*DATA FOR THIS EXERCISE*
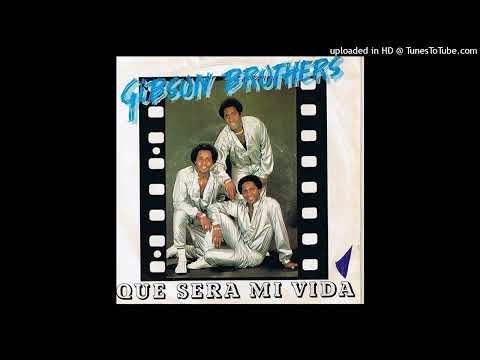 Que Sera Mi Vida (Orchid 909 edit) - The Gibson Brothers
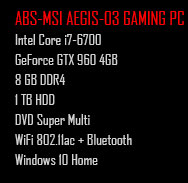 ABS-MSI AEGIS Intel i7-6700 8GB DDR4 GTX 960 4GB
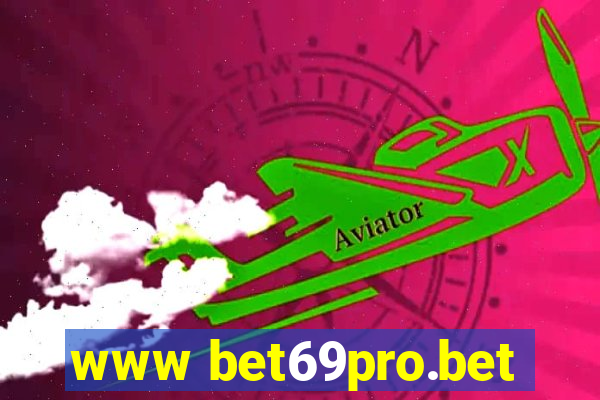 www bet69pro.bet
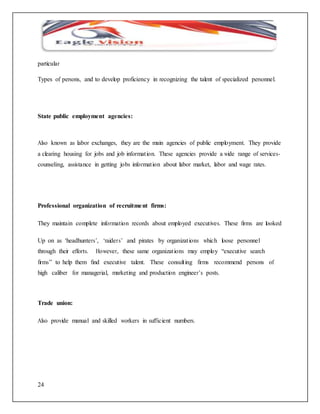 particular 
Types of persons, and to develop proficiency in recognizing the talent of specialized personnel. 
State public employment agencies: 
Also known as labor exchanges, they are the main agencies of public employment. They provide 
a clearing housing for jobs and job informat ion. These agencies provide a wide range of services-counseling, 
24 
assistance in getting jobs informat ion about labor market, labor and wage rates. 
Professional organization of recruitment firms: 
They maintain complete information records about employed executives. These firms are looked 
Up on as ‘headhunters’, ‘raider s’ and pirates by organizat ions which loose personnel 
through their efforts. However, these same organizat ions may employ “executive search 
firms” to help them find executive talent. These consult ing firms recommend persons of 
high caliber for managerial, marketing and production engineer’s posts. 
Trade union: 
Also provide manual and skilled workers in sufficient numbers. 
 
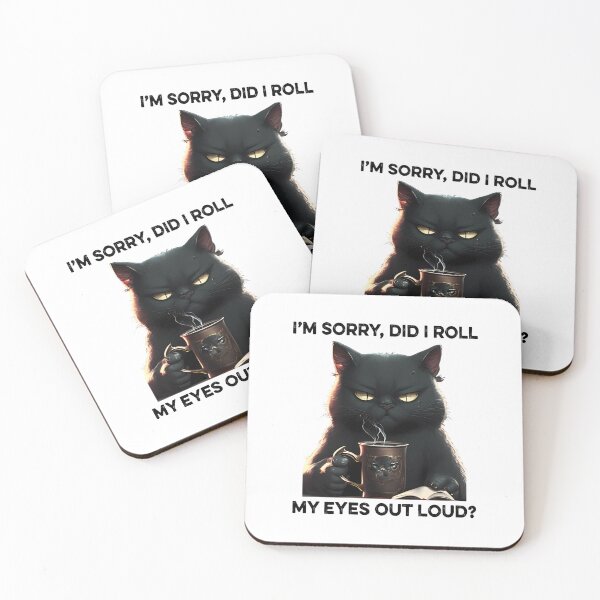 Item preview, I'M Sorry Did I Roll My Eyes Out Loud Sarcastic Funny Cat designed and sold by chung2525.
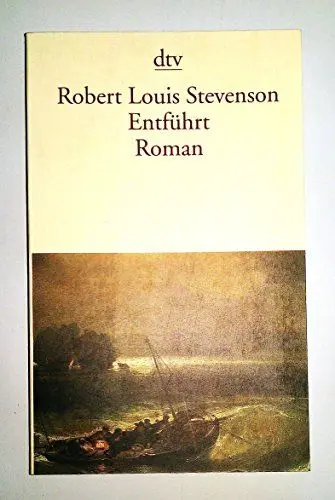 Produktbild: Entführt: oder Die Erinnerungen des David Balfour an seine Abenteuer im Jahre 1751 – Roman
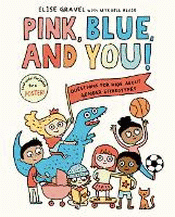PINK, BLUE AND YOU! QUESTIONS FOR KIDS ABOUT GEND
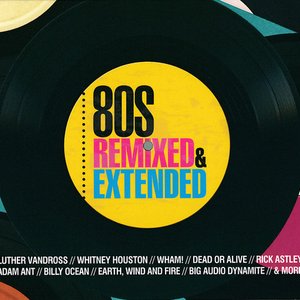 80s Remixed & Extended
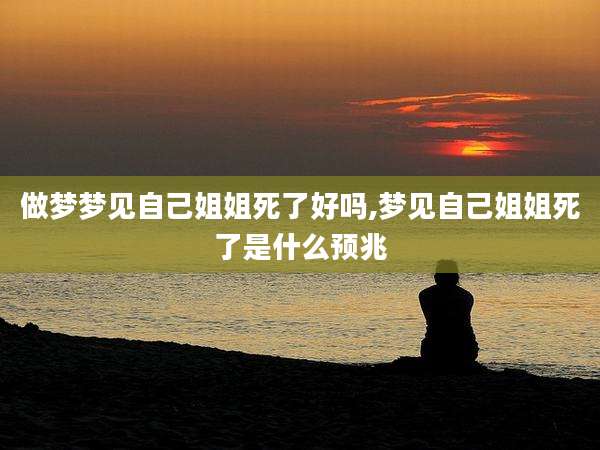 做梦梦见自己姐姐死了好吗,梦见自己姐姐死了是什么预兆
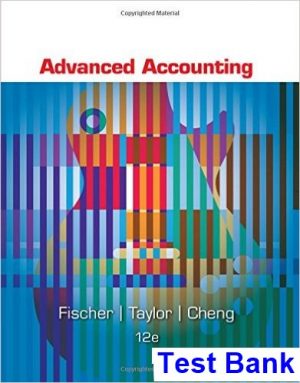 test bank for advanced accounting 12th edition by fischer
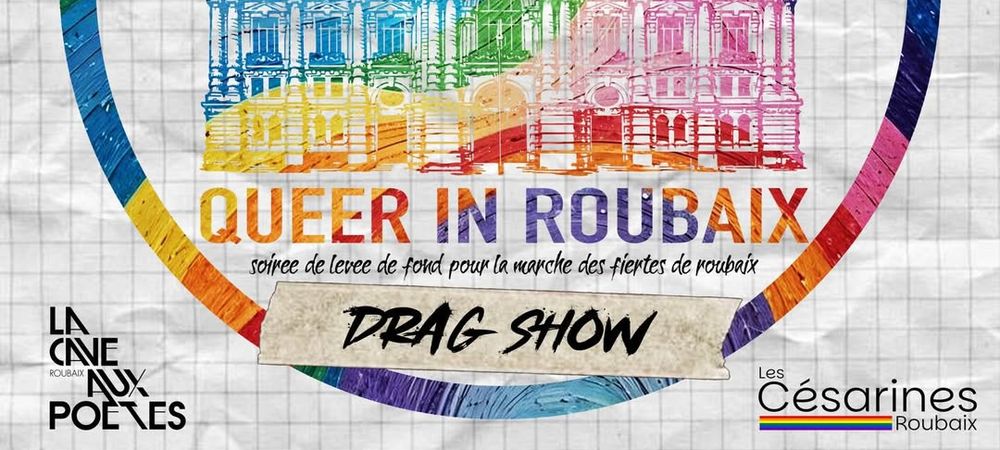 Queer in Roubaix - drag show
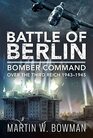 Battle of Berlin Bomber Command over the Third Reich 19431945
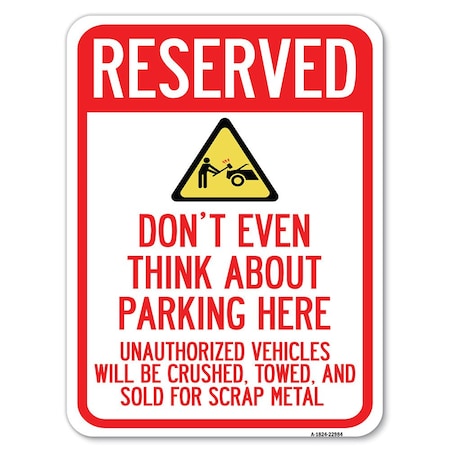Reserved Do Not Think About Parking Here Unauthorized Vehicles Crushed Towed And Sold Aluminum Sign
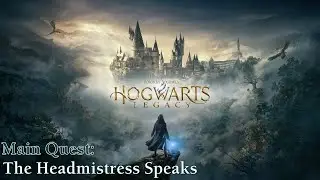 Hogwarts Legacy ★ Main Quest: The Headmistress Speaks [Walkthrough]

*WHAT TO WORK ON*
Only the lines from the beginning of the listing up to and including the line with "Also known as" should appear in the reply, copied word for word and free of pictures.

*SOLUTION*
 Que Sera Mi Vida (Orchid 909 edit) - The Gibson Brothers
 ABS-MSI AEGIS Intel i7-6700 8GB DDR4 GTX 960 4GB
 www bet69pro.bet
 particular 
Types of persons, and to develop proficiency in recognizing the talent of specialized personnel. 
State public employment agencies: 
Also known as labor exchanges, they are the main agencies of public employment. They provide 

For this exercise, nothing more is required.